Frank Sinatra in a Blender, by Matthew McBride
From the title, to its meaning, to its hard-drinking anti-hero and fully-fleshed hard luck villains, not since early Carl Hiaasen has vicious comedy of human existence been so entertainingly portrayed. I still sometimes remember a scene or a line, stare into space and laugh, and everyone around me takes a few steps away from me. Just a great read.

Fun & Games by Duane Swierczynski 

It plays on Hollywood conspiracies and the starlet meat grinder, all while telling a fast paced, thrilling and very funny tale. Duane the Brain can come up with stories I can’t even imagine, and he fleshes them out with hilarious and cynical prose that keeps the pages turning.
Headstone by Ken Bruen
My introduction to Ken’s unique style and fierce heart, I am told this isn’t the best Jack Taylor novel. All that means is the others are even better. A back alley tour of Galway, a city I’ve only seen as a tourist, that was a hell of an eye opener. Taylor tackles mindless hate and nihilism and tears its tongue out at the roots. He fears no evil and leaves no villain spared. Truly excellent writing from a master I will read every word of, before I die.

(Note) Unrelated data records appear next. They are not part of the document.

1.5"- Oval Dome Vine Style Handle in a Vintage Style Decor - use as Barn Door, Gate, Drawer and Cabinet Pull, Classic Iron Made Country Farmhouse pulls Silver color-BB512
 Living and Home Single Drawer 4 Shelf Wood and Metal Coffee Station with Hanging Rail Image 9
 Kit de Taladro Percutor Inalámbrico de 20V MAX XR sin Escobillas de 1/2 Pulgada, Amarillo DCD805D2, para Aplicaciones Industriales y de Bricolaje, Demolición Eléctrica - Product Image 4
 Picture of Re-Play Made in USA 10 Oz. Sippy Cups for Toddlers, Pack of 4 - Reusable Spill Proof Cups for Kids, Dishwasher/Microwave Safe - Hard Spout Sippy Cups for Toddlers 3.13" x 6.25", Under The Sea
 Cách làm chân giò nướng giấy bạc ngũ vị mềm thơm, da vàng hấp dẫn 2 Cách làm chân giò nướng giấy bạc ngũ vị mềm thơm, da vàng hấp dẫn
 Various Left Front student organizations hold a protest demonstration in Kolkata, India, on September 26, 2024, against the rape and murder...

The Outlaw Album by Daniel Woodrell
I let this slip by because it’s a short story collection. But these stories, like Crimes in Southern Indiana, are all about a place and a people and make a patchwork that becomes a tapestry as you step back. This was my introduction to Mr. Woodrell, and I’ve picked up several of his novels since. He has an economy with words that leans toward poetry, and a blood-borne knowledge of the human heart. This is an excellent introduction to the author, who’d be called the Raymond Carver of the Ozarks… if he wasn’t an equally adept novelist as short story master.